Helfrich Hamiltionian derivation

The Helfrich Hamiltonian describes the bending energy of a membrane (we are leaving out the Gaussian curvature term here).

$$$$F = \int |H|^2$$$$

Mean curvature

$$$H$$$ is the mean curvature, which for a height field function $$$S(x,y)$$$ is defined as

$$$$H = \nabla\cdot\left( \frac{(\nabla S,-1)}{\sqrt{1+|\nabla S|^2}} \right)$$$$

Here $$$(\nabla S,-1)$$$ is the composite vector $$$(\frac{\partial S}{\partial x},\frac{\partial S}{\partial y},-1)$$$, which we simply write as $$$\nabla S - \hat i_z$$$, where $$$\hat i_z = (0,0,1)$$$, thus

$$$$H = \nabla\cdot(\nabla S - \hat i_z)\left(1+|\nabla S|^2\right)^{-\frac12}$$$$

Applying the product rule

$$$$H = \left[\nabla\cdot(\nabla S - \hat i_z)\right]\left(1+|\nabla S|^2\right)^{-\frac12} + (\nabla S - \hat i_z)\cdot\nabla\cdot\left(1+|\nabla S|^2\right)^{-\frac12}$$$$

Applying the chain rule

$$$$H = \nabla^2 S \left(1+|\nabla S|^2\right)^{-\frac12} + (\nabla S - \hat i_z)\cdot \left(-\frac12\right)\left(1+|\nabla S|^2\right)^{-\frac32}2(\nabla S)\nabla^2S$$$$

Combining terms

$$$$H = \nabla^2 S \left[\left(1+|\nabla S|^2\right)^{-\frac12} - (\nabla S - \hat i_z) \left(1+|\nabla S|^2\right)^{-\frac32}\nabla S\right]$$$$

In a 2D system $$$\nabla S \cdot \hat i_z = 0$$$, thus

$$$$H = \nabla^2 S \left[\left(1+|\nabla S|^2\right)^{-\frac12} - |\nabla S|^2 \left(1+|\nabla S|^2\right)^{-\frac32}\right]$$$$

First variation

For the phase-field equations we need to calculate the functional derivative (or first variation) with respect to the height variable $$$S$$$

$$$$\frac{\delta F}{\delta S} = \underbrace{\frac{\partial F}{\partial S}}_{=0} - \nabla\cdot \frac{\partial F}{\partial\nabla S} - \color{gray}{\nabla^2\cdot \frac{\partial F}{\partial^2\nabla S} + \dots}$$$$

I did not add the higher order derivative terms...

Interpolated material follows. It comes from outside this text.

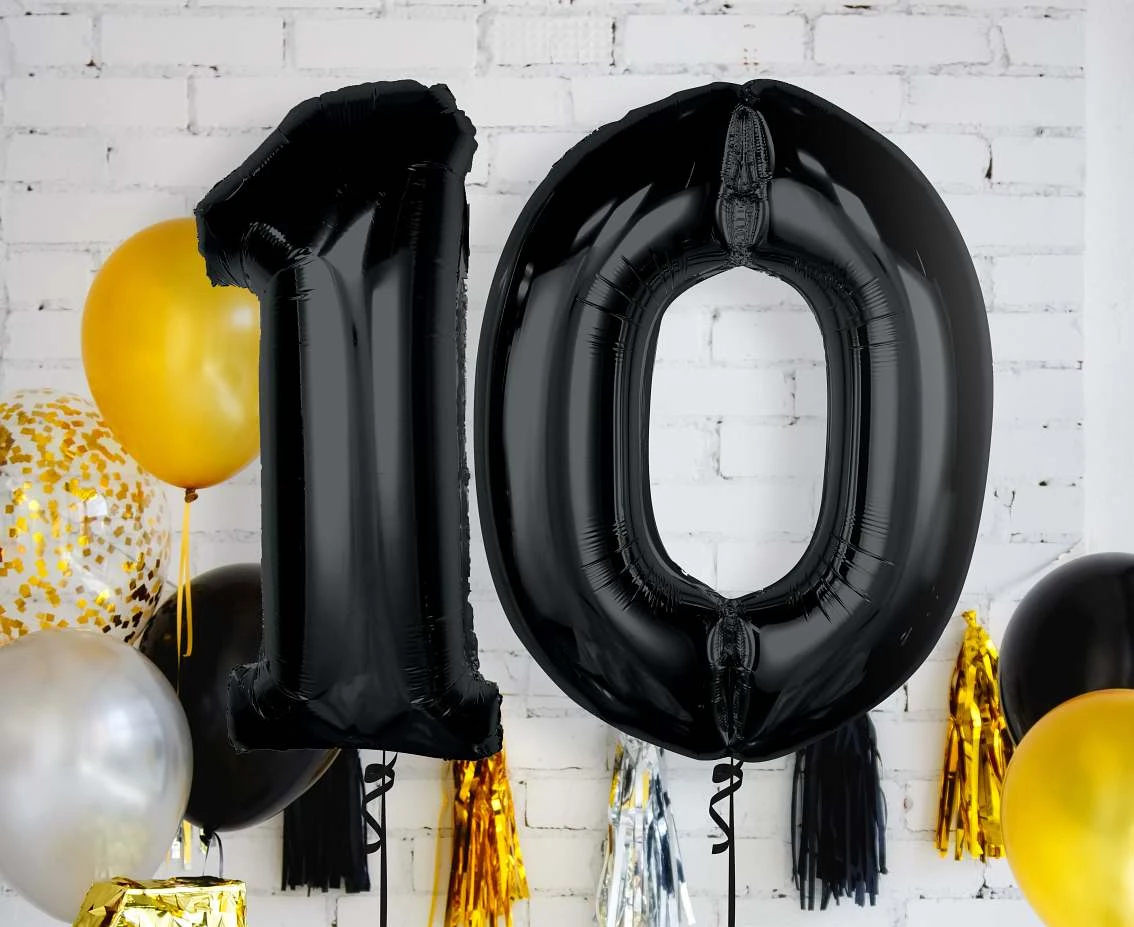 Balon foliowy Smart, cyfra 0, czarna, 92 cm KK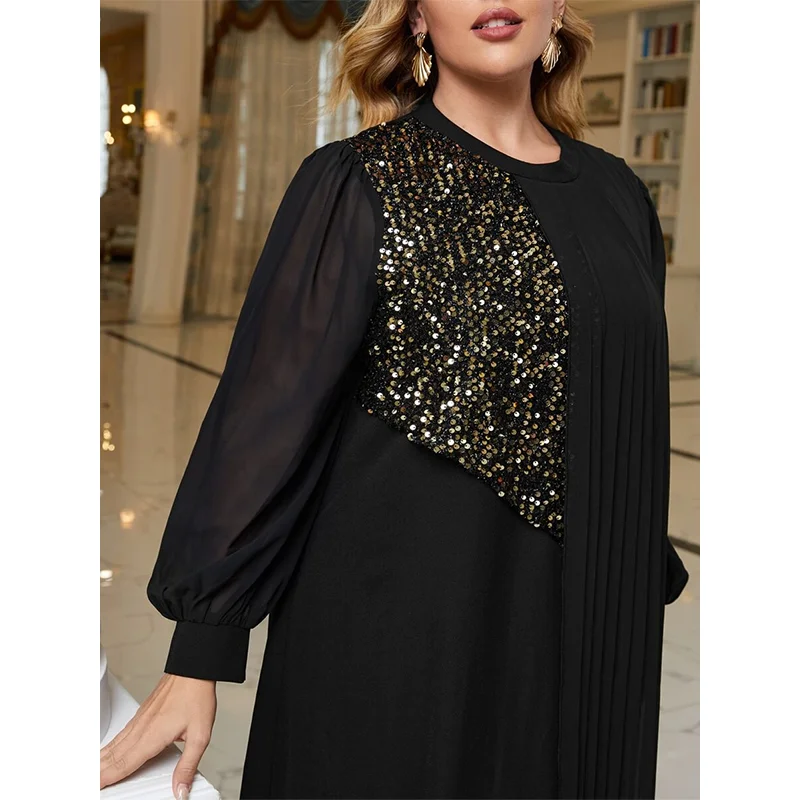 Plus Size Chiffon Long Sleeve 5XL6XL Loose Dress Spring Summer Plus Size Folds Shiny Loose Elegant Dress Woman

As $$$S$$$ does not appear underived in $$$F$$$ the first term of the functional derivative drops out

$$$$\frac{\delta F}{\delta S} = - \nabla\cdot \frac{\partial}{\partial\nabla S} \left( (\nabla^2 S)^2 \left[\left(1+|\nabla S|^2\right)^{-\frac12} - |\nabla S|^2 \left(1+|\nabla S|^2\right)^{-\frac32}\right]^2 \right)$$$$

which yields

$$$$\frac{\delta F}{\delta S} = - \nabla\cdot \left( (\nabla^2 S)^2 \left( -\frac{|\nabla S|^2}{\left(1+|\nabla S|^2\right)^\frac32} + \left(1+|\nabla S|^2\right)^{-\frac12} \right) \left( \frac{6|\nabla S|^3}{\left(1+|\nabla S|^2\right)^\frac52} - \frac{6\nabla S}{\left(1+|\nabla S|^2\right)^\frac32} \right) \right)$$$$

Which simplifies to

$$$$\frac{\delta F}{\delta S} = \nabla\cdot \left( \frac{6(\nabla^2 S)^2\nabla S}{\left(1+|\nabla S|^2\right)^4} \right)$$$$

Applying the product rule once

$$$$\frac16\frac{\delta F}{\delta S} = \left[\nabla\cdot (\nabla^2 S)^2\nabla S\right] \left(1+|\nabla S|^2\right)^{-4} +(\nabla^2 S)^2\nabla S \left[\nabla\cdot\left(1+|\nabla S|^2\right)^{-4}\right]$$$$

and again, with the chain rule

$$$$\frac16\frac{\delta F}{\delta S} = \left[2\nabla^2S\cdot\nabla^3S\cdot\nabla S + (\nabla^2 S)^3\right] \left(1+|\nabla S|^2\right)^{-4} -(\nabla^2 S)^2\nabla S \left[ 8\left(1+|\nabla S|^2\right)^{-5}\nabla S\cdot\nabla^2S \right]$$$$

simplify

$$$$\frac16\frac{\delta F}{\delta S} = \left[2\nabla^2S\cdot\nabla^3S\cdot\nabla S + (\nabla^2 S)^3\right] \left(1+|\nabla S|^2\right)^{-4} -8(\nabla^2 S)^3|\nabla S|^2 \left(1+|\nabla S|^2\right)^{-5}$$$$

Allen-Cahn bending energy equation

We can solve for $$$S$$$ as a non-conserved order parameter by plugging the result above into an Allen-Cahn equation

$$$$\frac{\partial S}{\partial t} = -6L \left( \left[2\nabla^2S\cdot\nabla^3S\cdot\nabla S + (\nabla^2 S)^3\right] \left(1+|\nabla S|^2\right)^{-4} -8(\nabla^2 S)^3|\nabla S|^2 \left(1+|\nabla S|^2\right)^{-5} \right)$$$$

Introducing an additional variable $$$\mu = \nabla^2 S$$$ we get

$$$$\frac{\partial S}{\partial t} = -6L \left( \left[2\mu\cdot\nabla\mu\cdot\nabla S + \mu^3\right] \left(1+|\nabla S|^2\right)^{-4} -8\mu^3|\nabla S|^2 \left(1+|\nabla S|^2\right)^{-5} \right)$$$$

First variation of the linearized form

Taking

$$$$F = \int |\nabla^2S|^2$$$$

with the higher order functional derivative terms you get

$$$$\frac{\delta F}{\delta S} = \nabla^2\cdot2\nabla^2S$$$$